Les analyses les plus simplistes évoquent l’impact de la publicité et de la mode.


Le processus est en fait exactement inverse. On ne devient pas anorexique pour se conformer à un modèle mais au contraire parce que l’on refuse un modèle, le modèle de la cellule familiale et de la relation sexuelle duelle vouée à la reproduction.


Le développement de l’anorexie traduit en fait l’émergence d’une sexualité nouvelle, en dehors du couple et de la procréation.

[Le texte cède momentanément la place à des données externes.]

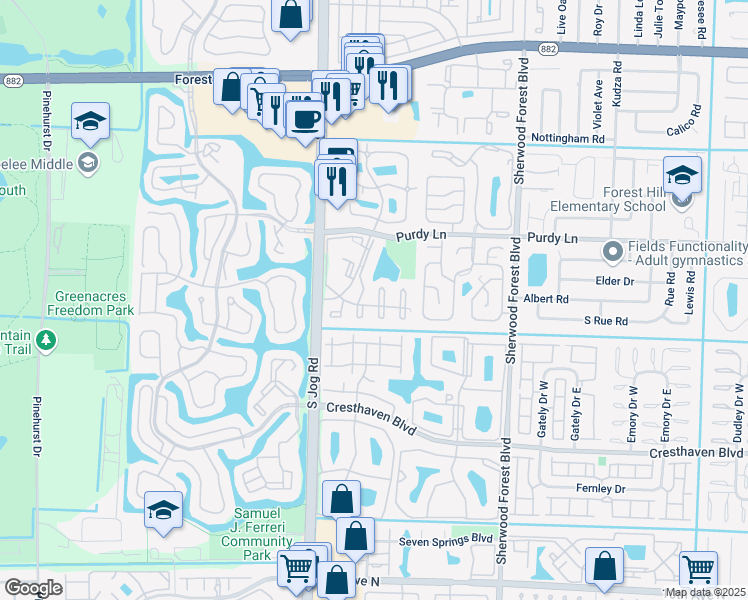map of restaurants, bars, coffee shops, grocery stores, and more near 231 Foxtail Drive in Greenacres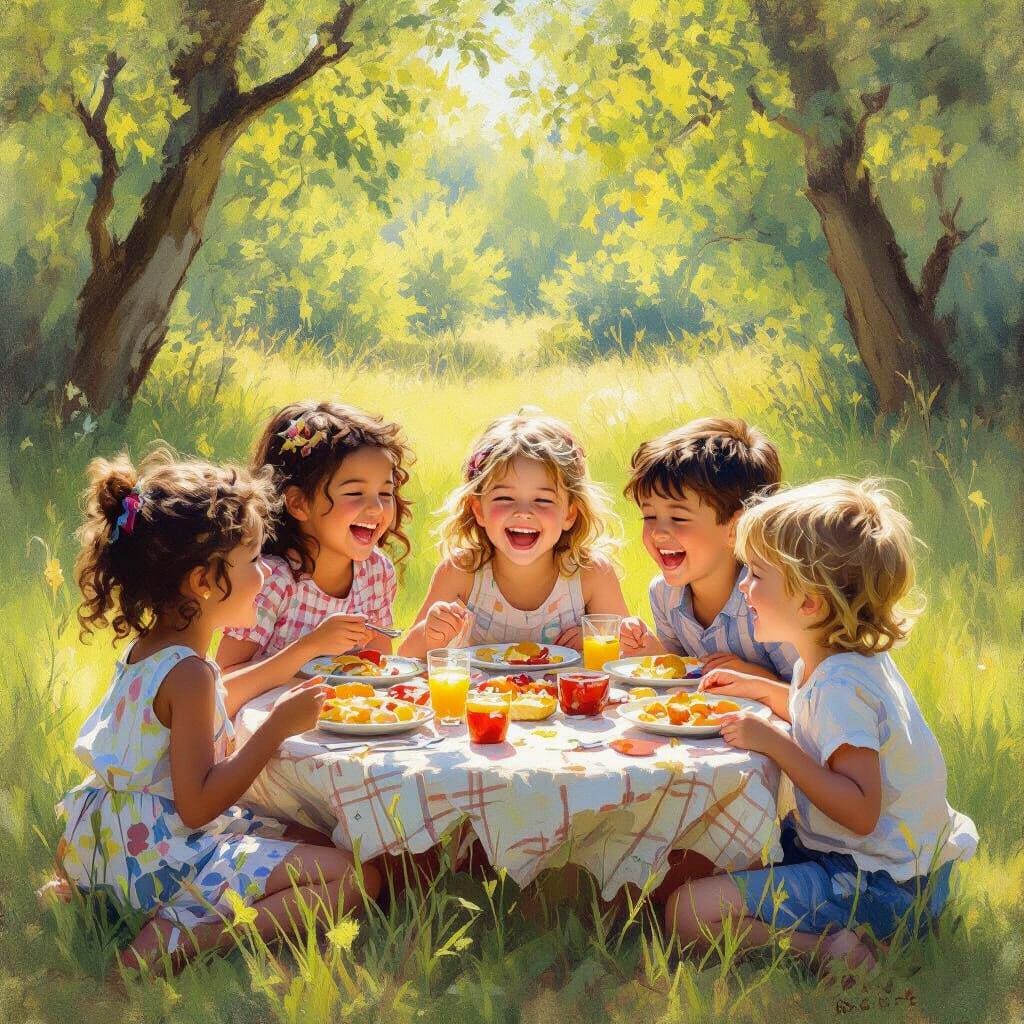 Joyful Children Sharing a Meal Outdoors in Impressionistic S...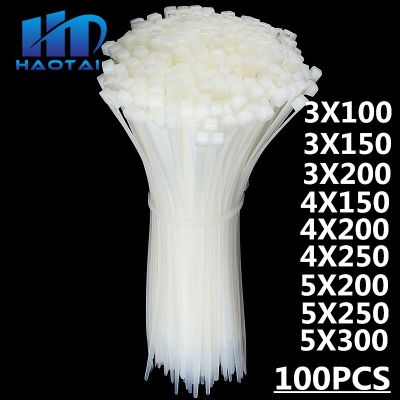 Self-Locking Plastic Nylon Wire Cable Zip Ties 100pcs White Cable Ties Fasten Loop Cable Various specifications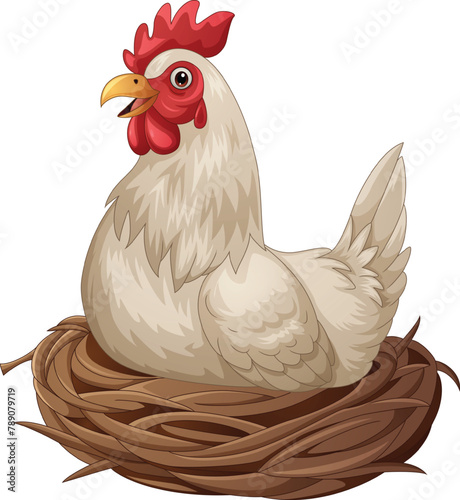 Cartoon hen sitting in the nest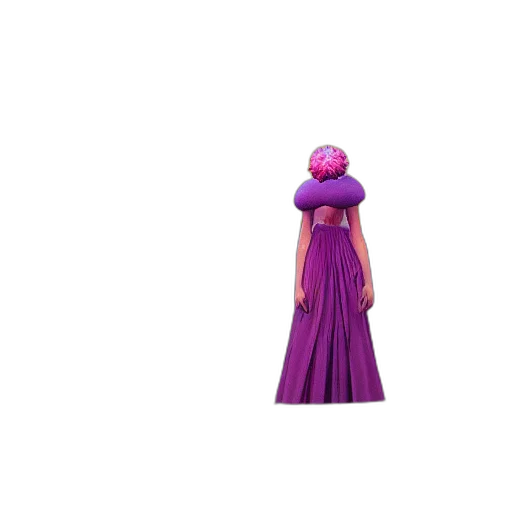 dress, crown, hat, flower, 3d render, concept art, pixel art, vaporwave transparent PNG cut-out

La sexualité humaine n’est aujourd’hui pensée qu’en termes de choix d’objet, d’orientation hétérosexuelle ou homosexuelle. Tout tourne autour de l’idée d’un couple et d’une parentalité et il s’agit toujours de préserver le cocon familial et la dualité sexuelle. Il n’y a que deux sexes, affirme-t-on et le débat est définitivement clos.


C’est cela, ce monde incestueux et fermé de la famille, que refuse absolument l’anorexique. Elle est une révolutionnaire : pour elle, la sexualité va au-delà de l’opposition des deux sexes, elle est multiple, infinie.












Justine Kurland
Comme les schizophrènes de Deleuze et les transsexuels de Stoller (et j’ajouterai évidemment les vampires), l’anorexique permet de concevoir une sexualité sans objet. Non pas l’appropriation, la conquête d’un autre, mais la pure extase d’un rôle, d’un jeu, d’un personnage endossé, bref de la séduction.

La diffraction, pulvérisation de l’identité féminine…la simple affirmation de la plénitude d’une existence dans la succession de ses masques.

Certes, le masque de l’anorexique est terrifiant, effroyable. Cependant, le message véhiculé n’est peut être pas totalement négatif. J’apporterai mon témoignage : les anorexiques sont des personnes très douces, radicalement non violentes. Leur jeûne évoque ceux de Gandhi dans sa lutte contre l’empire britannique.